[Task objective] Give a verbatim copy of the data, leaving the pictures out.

[Stored data]

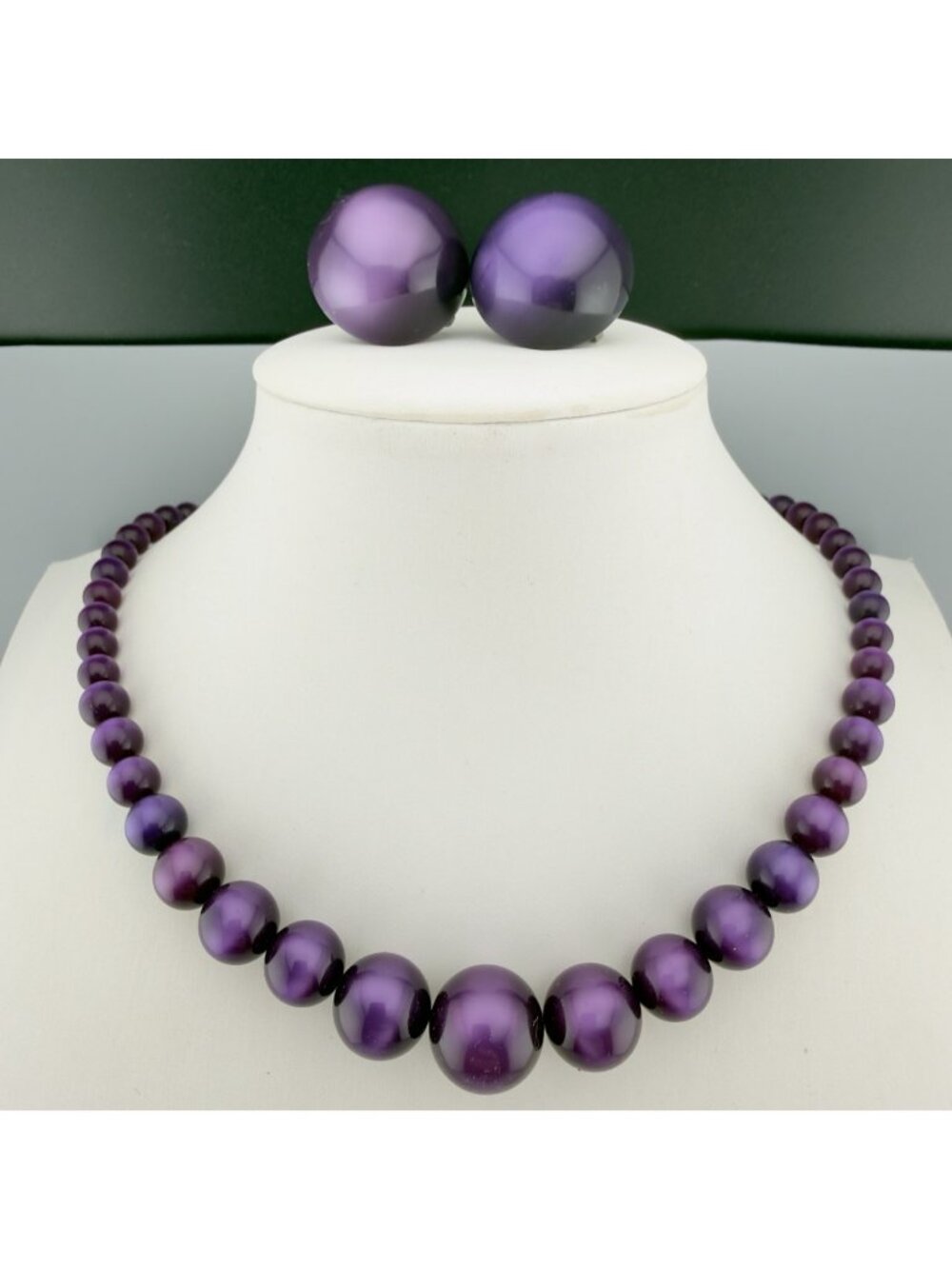 Vintage Moonstone Necklace Set Purple Graduated Glass Beaded Clip On Earrings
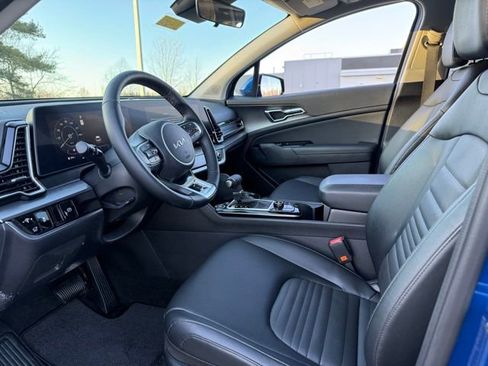 Certified 2025 Kia Sportage SX image 6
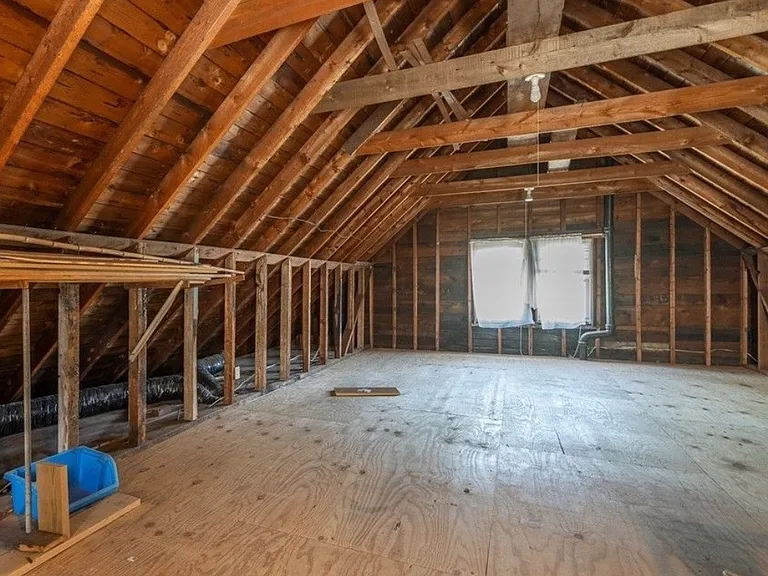 51 Pleasant St #2 — Photo 10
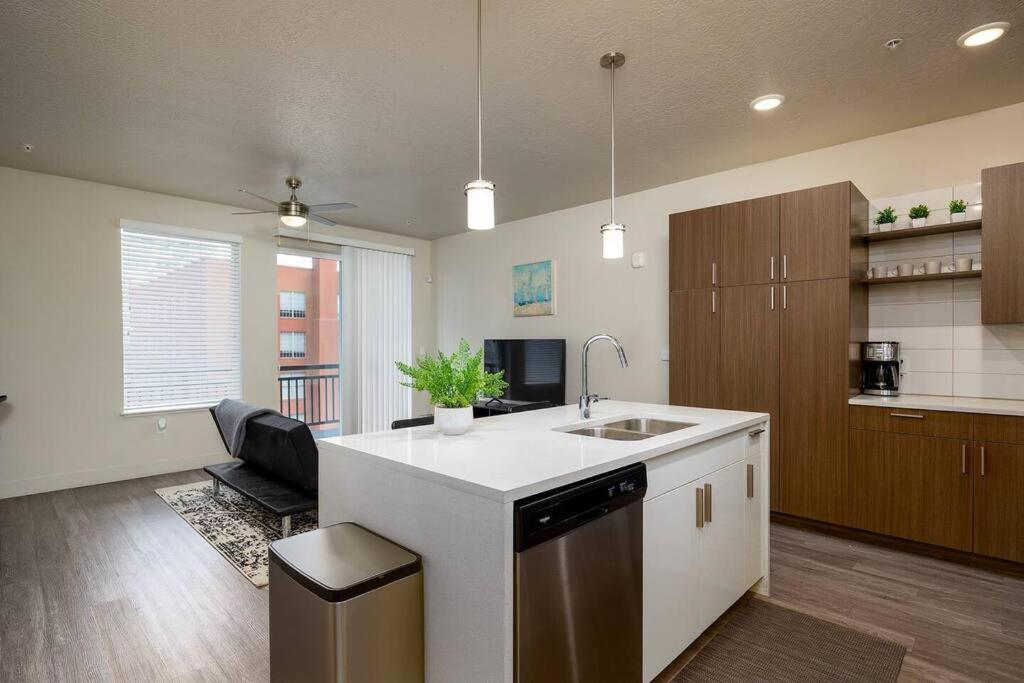Апартаменти Modern 1B Downtown Slc With Wfh Setup, Gym, Fast Wi-Fi, Pool Солт-Лейк-Сіті Екстер'єр фото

[The answer]
 Vintage Moonstone Necklace Set Purple Graduated Glass Beaded Clip On Earrings
 Certified 2025 Kia Sportage SX image 6
 51 Pleasant St #2 — Photo 10
Апартаменти Modern 1B Downtown Slc With Wfh Setup, Gym, Fast Wi-Fi, Pool Солт-Лейк-Сіті Екстер'єр фото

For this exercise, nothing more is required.